• EXERCISE DETAILS
Extract only the lines running from the top of the entries to the line that holds "Facelift And Necklift". Include that line and omit the pictures.

(Records from a data source)
++++

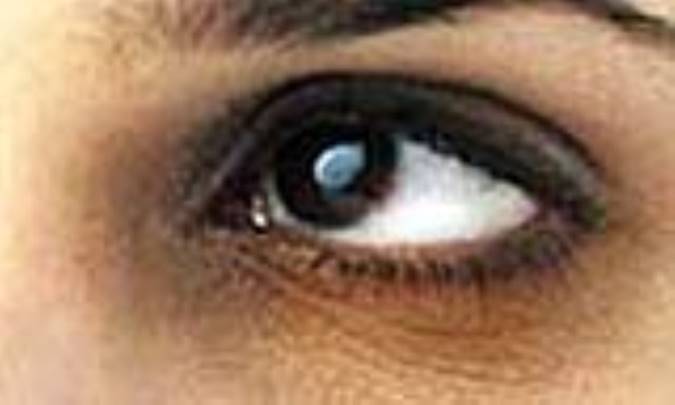 کبودي دور چشم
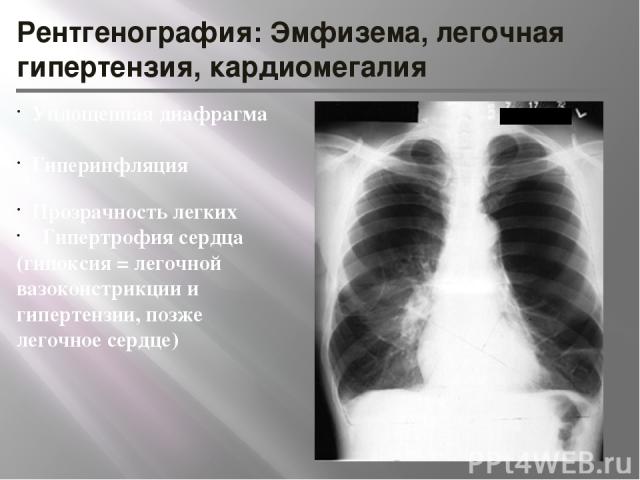 Рентгенография: Эмфизема, легочная гипертензия, кардиомегалия Уплощенная диафрагма Гиперинфляция Прозрачность легких Гипертрофия сердца (гипоксия = легочной вазоконстрикции и гипертензии, позже легочное сердце)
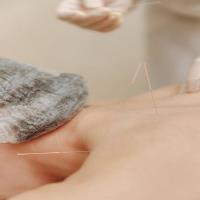 Juheng Acupuncture Clinic image 1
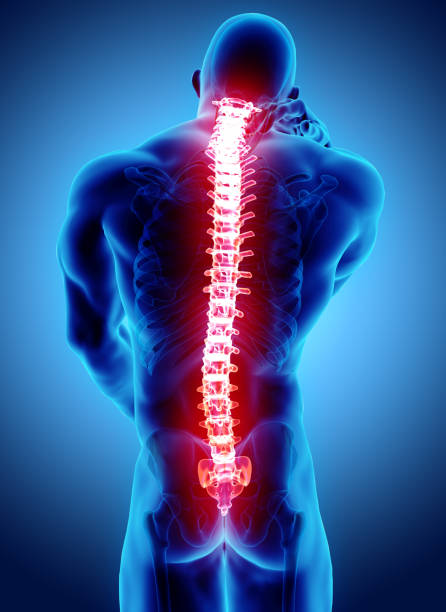 istock 3D Illustration of sacral and cervical painful. 956015590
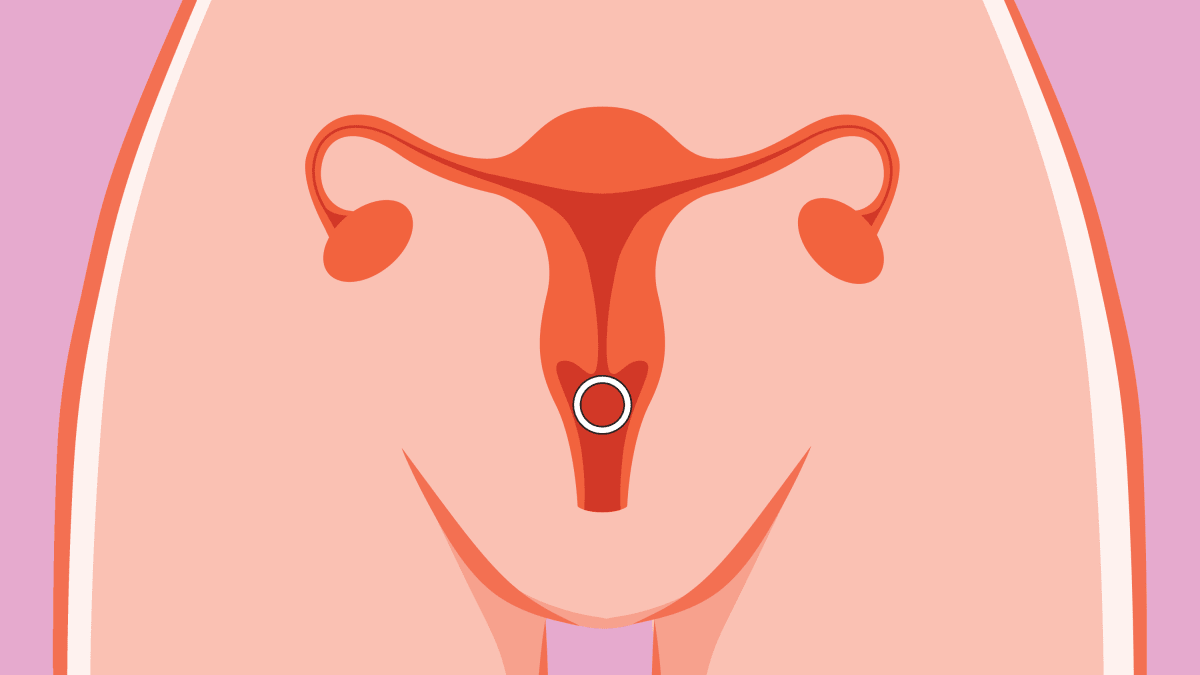 Annovera vs. NuvaRing Is a vaginal ring the right birth control for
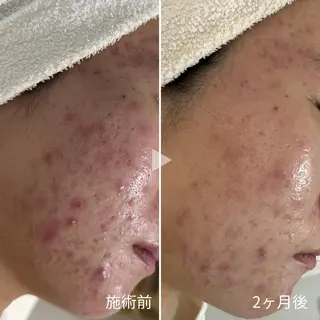 シェノン所属・ニキビ・毛穴・ フェイシャル専門店のエステ・リラクイメージ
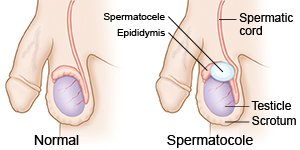 Traiter et Guérir le Spermatocele Naturellement : Votre Solution Disponible sur Afrique Pharma Santé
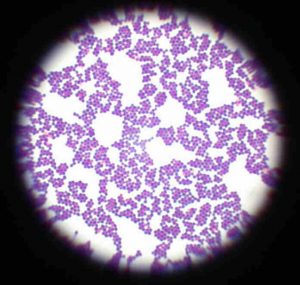 Staphylococcus aureus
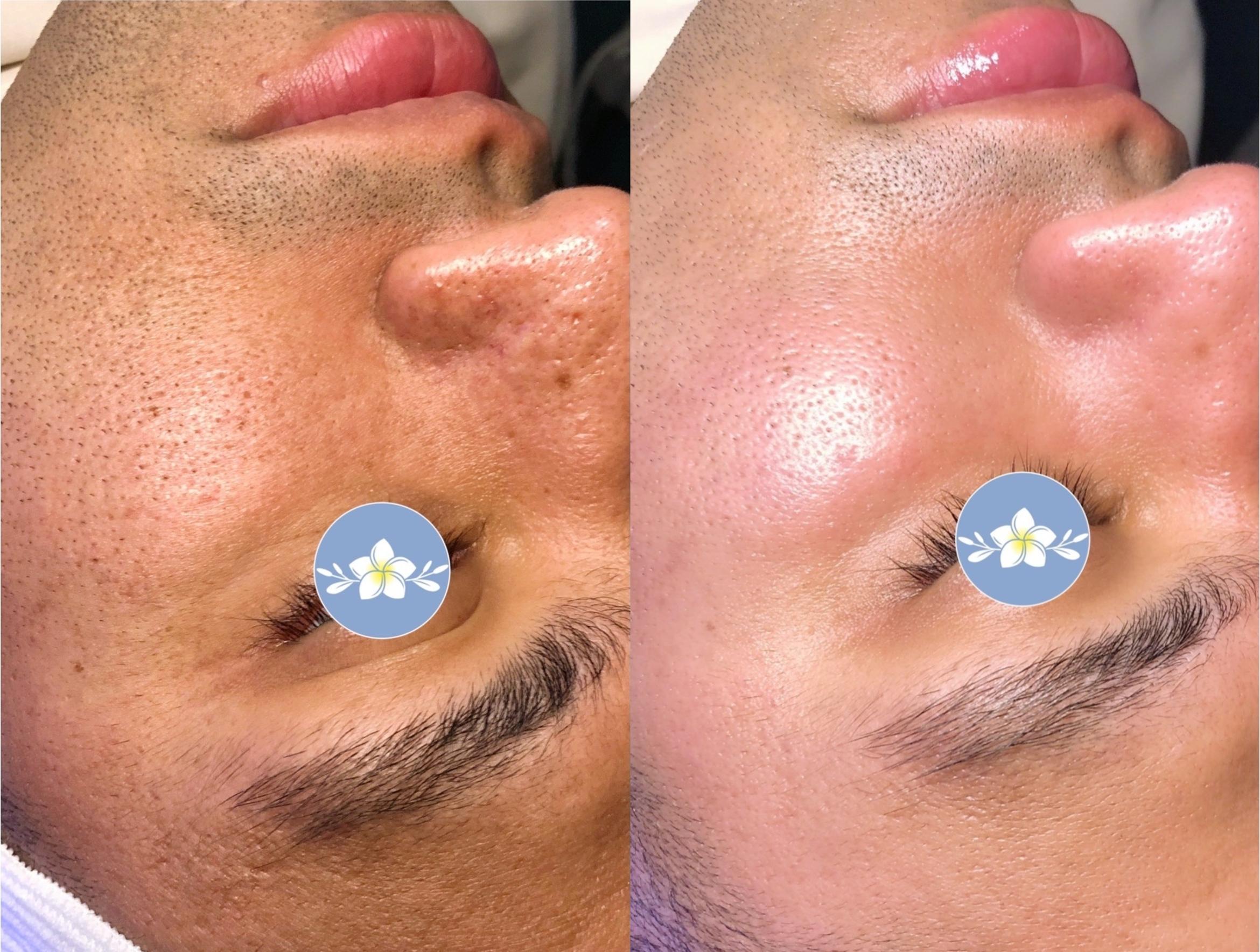 Before & After Hydrafacial™ Client #67 Left Side View in Tampa Bay, North Palm Beach, FL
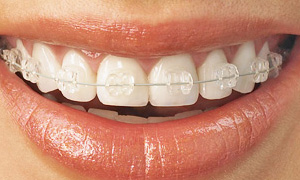 orthodoncy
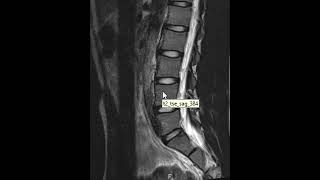 Pars defects of the lumbar spine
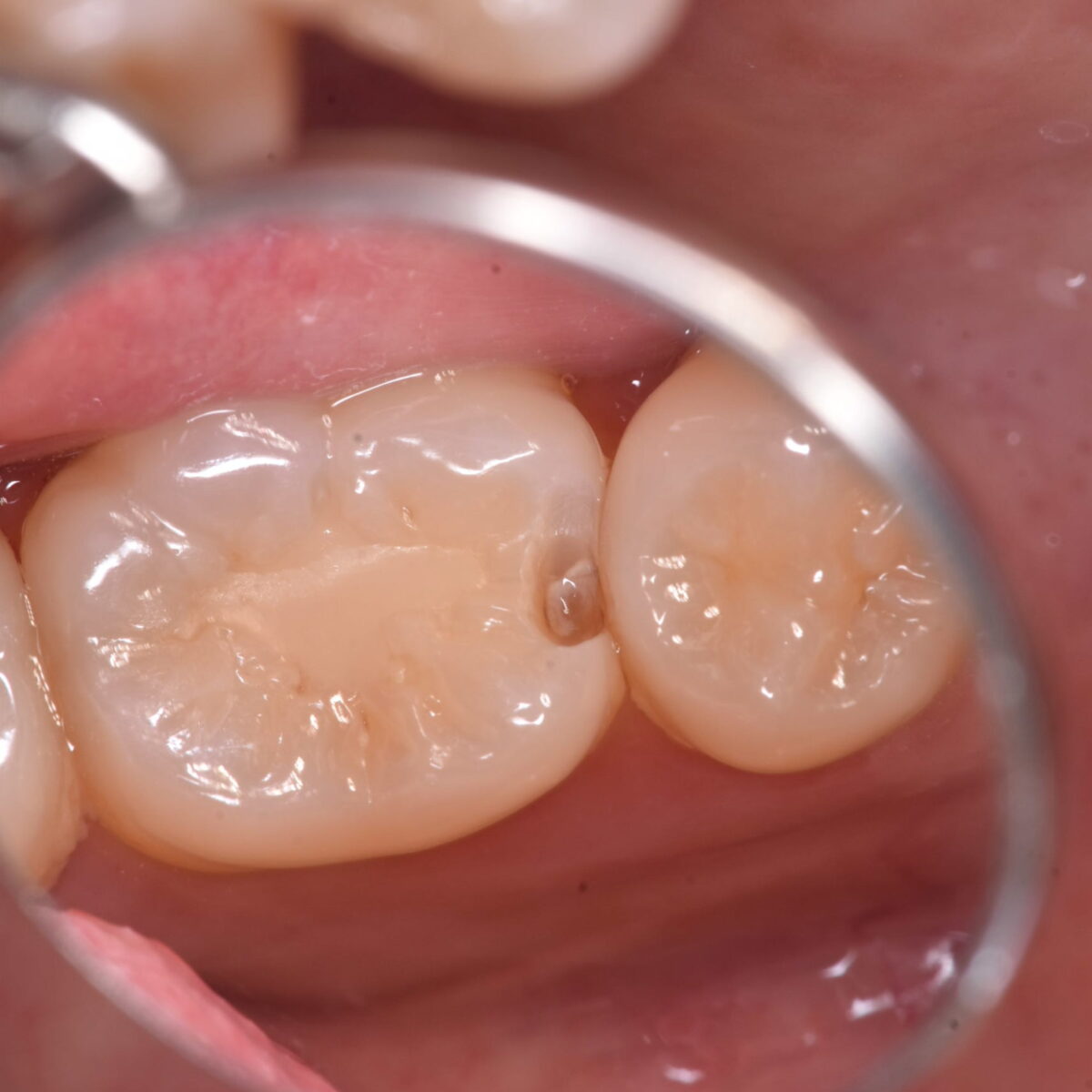 見た目が白く、何ともなさそうな歯でも・・・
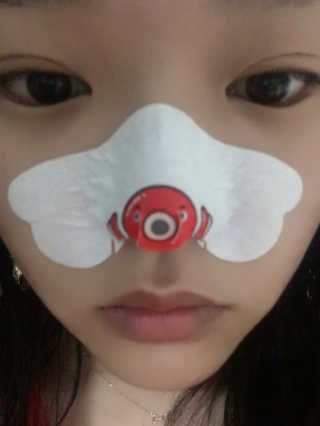 나이팅게일 TAKO PACK NOSE [문어코팩] — 2.83점을 준 리뷰어가 2018년 6월 올린 사용 사진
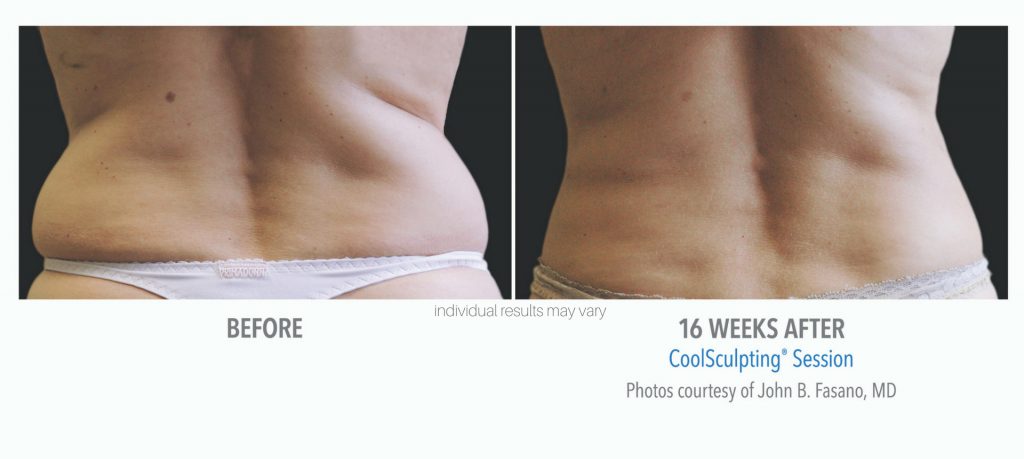 coolsculpting_12-before-and-after-1024x459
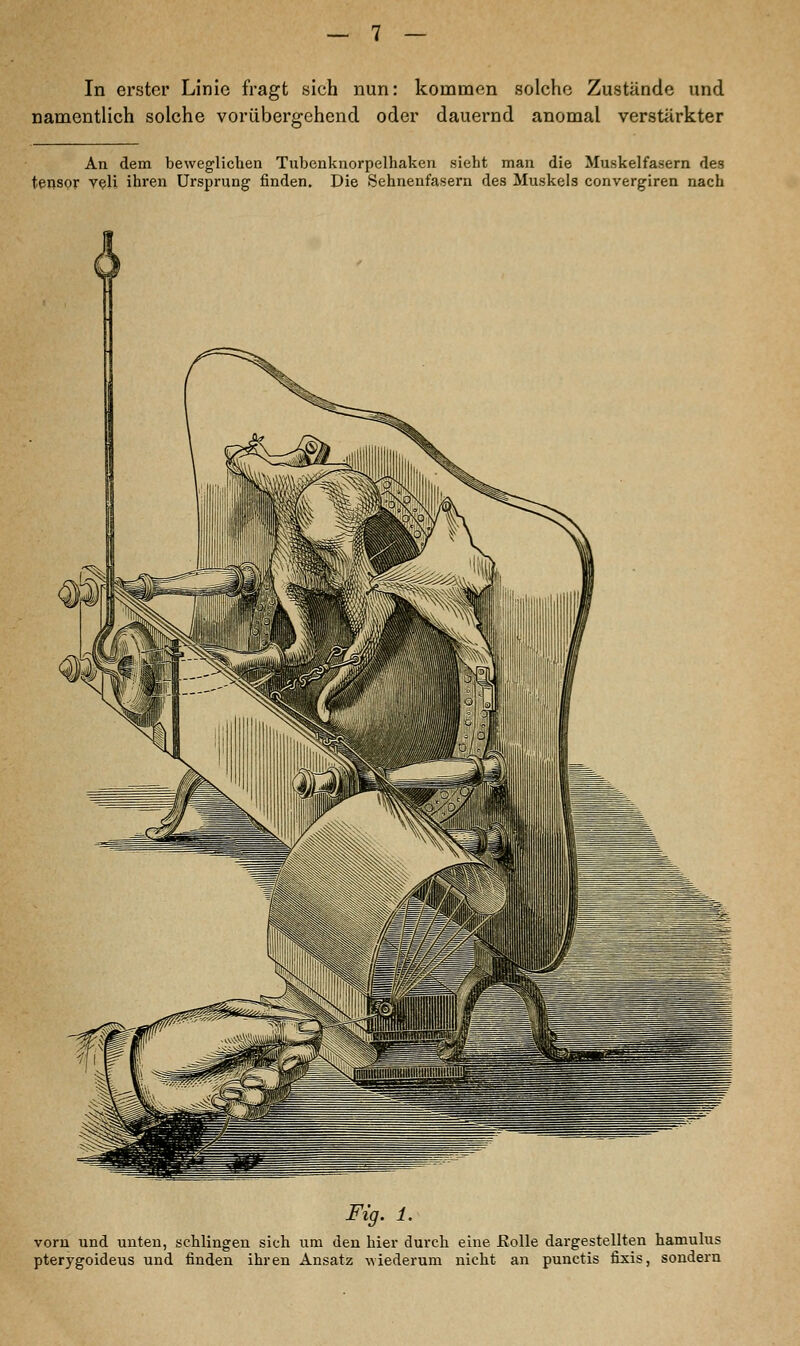 In erster Linie fragt sich nun: kommen solche Zustände und namentlich solche vorübergehend oder dauernd anomal verstärkter An dem beweglichen Tubenknorpelhaken sieht man die Muskelfasern des tensor veli ihren Ursprung finden. Die Sehnenfasern des Muskels convergiren nach Fig. 1. vorn und unten, schlingen sich um den hier durch eine Rolle dargestellten hamulus pterygoideus und finden ihren Ansatz wiederum nicht an punctis fixis, sondern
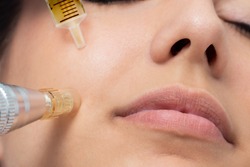 Macro detail of micro needle cosmetic treatment on female cheek. Derma pen and syringe with plant extracts next to face.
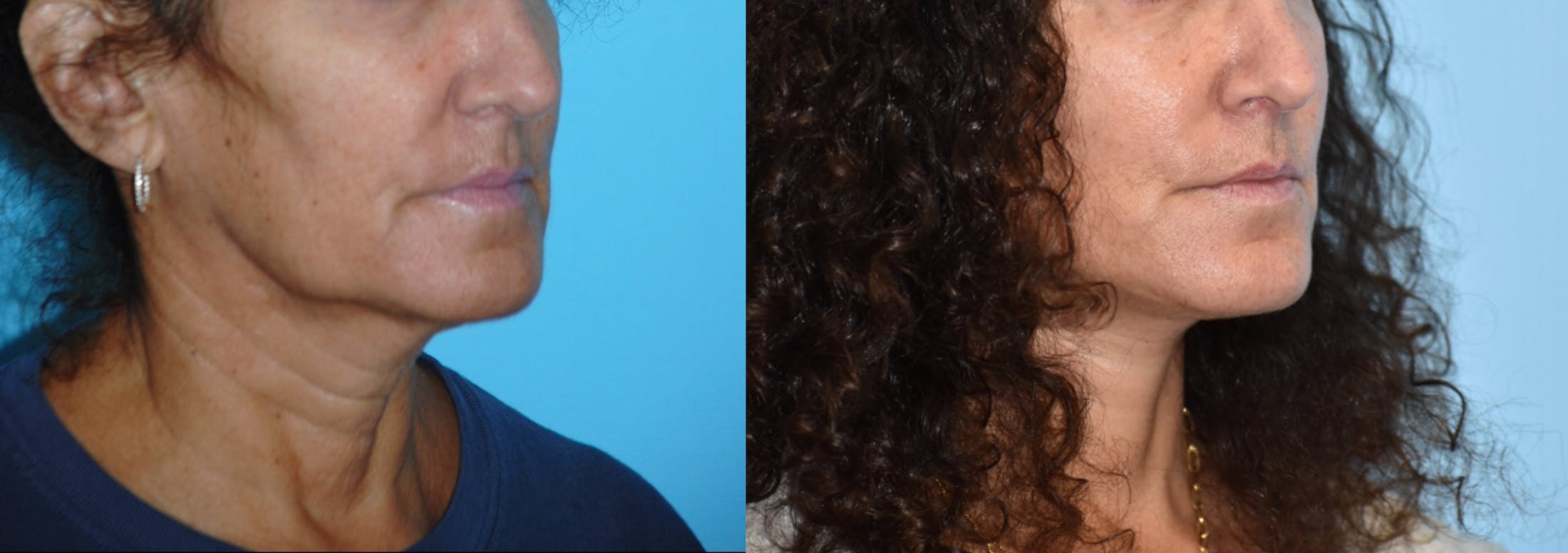 Facelift And Necklift Before & After Gallery - Patient 106387469 - Image 5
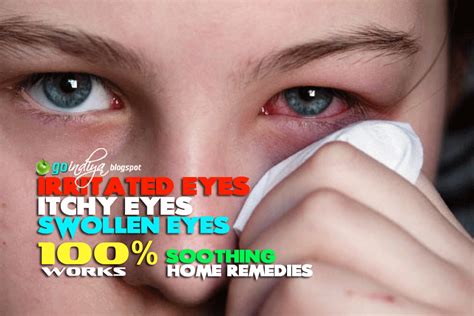 Red Itchy Eyes 25 Home Remedies For Soothing Itchy Swollen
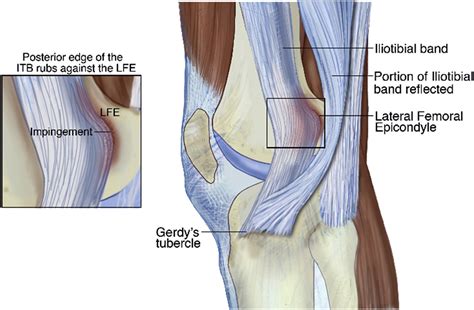 Iliotibial Band Syndrome In Runners Physical Medicine And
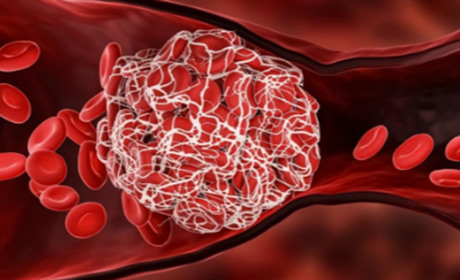 Тромбоз як ускладнення COVID-19. Ознаки, симптоми та фактори ризику
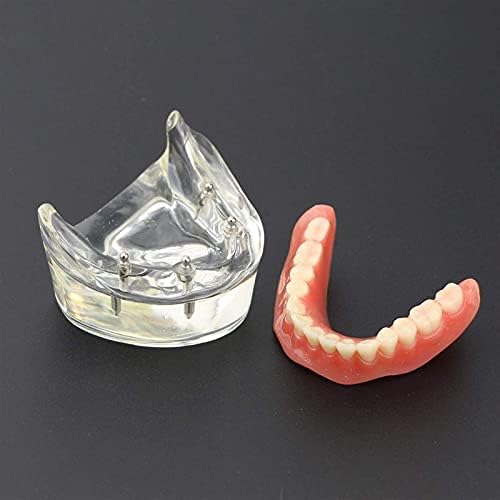 RRGJ Model podučavanja, Anatomijski model zuba Model zubnih zuba - Model demonstracije zuba - Model Demontalne skrbi - Model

++++

• WRITTEN SOLUTION
 کبودي دور چشم
 Рентгенография: Эмфизема, легочная гипертензия, кардиомегалия Уплощенная диафрагма Гиперинфляция Прозрачность легких Гипертрофия сердца (гипоксия = легочной вазоконстрикции и гипертензии, позже легочное сердце)
 Juheng Acupuncture Clinic image 1
 istock 3D Illustration of sacral and cervical painful. 956015590
 Annovera vs. NuvaRing Is a vaginal ring the right birth control for
 シェノン所属・ニキビ・毛穴・ フェイシャル専門店のエステ・リラクイメージ
 Traiter et Guérir le Spermatocele Naturellement : Votre Solution Disponible sur Afrique Pharma Santé
 Staphylococcus aureus
 Before & After Hydrafacial™ Client #67 Left Side View in Tampa Bay, North Palm Beach, FL
 orthodoncy
 Pars defects of the lumbar spine
 見た目が白く、何ともなさそうな歯でも・・・
 나이팅게일 TAKO PACK NOSE [문어코팩] — 2.83점을 준 리뷰어가 2018년 6월 올린 사용 사진
 coolsculpting_12-before-and-after-1024x459
 In erster Linie fragt sich nun: kommen solche Zustände und namentlich solche vorübergehend oder dauernd anomal verstärkter An dem beweglichen Tubenknorpelhaken sieht man die Muskelfasern des tensor veli ihren Ursprung finden. Die Sehnenfasern des Muskels convergiren nach Fig. 1. vorn und unten, schlingen sich um den hier durch eine Rolle dargestellten hamulus pterygoideus und finden ihren Ansatz wiederum nicht an punctis fixis, sondern
 Macro detail of micro needle cosmetic treatment on female cheek. Derma pen and syringe with plant extracts next to face.
 Facelift And Necklift Before & After Gallery - Patient 106387469 - Image 5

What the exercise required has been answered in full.